Linux kernel stable versions serve the needs of users who value stability of the kernel over new features. The quality of such stable versions depends on the initiative of kernel developers and ...maintainers to propagate bug fixing patches to the stable versions. Thus, it is desirable to consider to what extent this process can be automated. A previous approach relies on words from commit messages and a small set of manually constructed code features. This approach, however, shows only moderate accuracy. In this paper, we investigate whether deep learning can provide a more accurate solution.

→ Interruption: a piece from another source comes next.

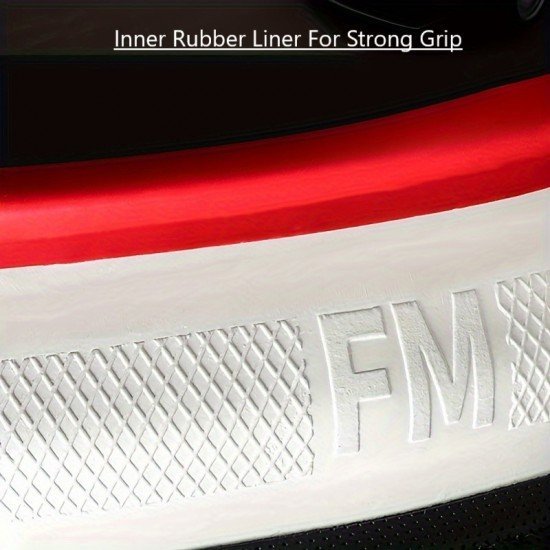 Premium Nappa Leather Steering Wheel Cover 38CM Universal Fit – Black & Black/Red Premium Nappa Leather Steering Wheel Cover 38CM Universal Fit – Black & Black/Red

We propose PatchNet, a hierarchical deep learning-based approach capable of automatically extracting features from commit messages and commit code and using them to identify stable patches. PatchNet contains a deep hierarchical structure that mirrors the hierarchical and sequential structure of commit code, making it distinctive from the existing deep learning models on source code. Experiments on 82,403 recent Linux patches confirm the superiority of PatchNet against various state-of-the-art baselines, including the one recently-adopted by Linux kernel maintainers.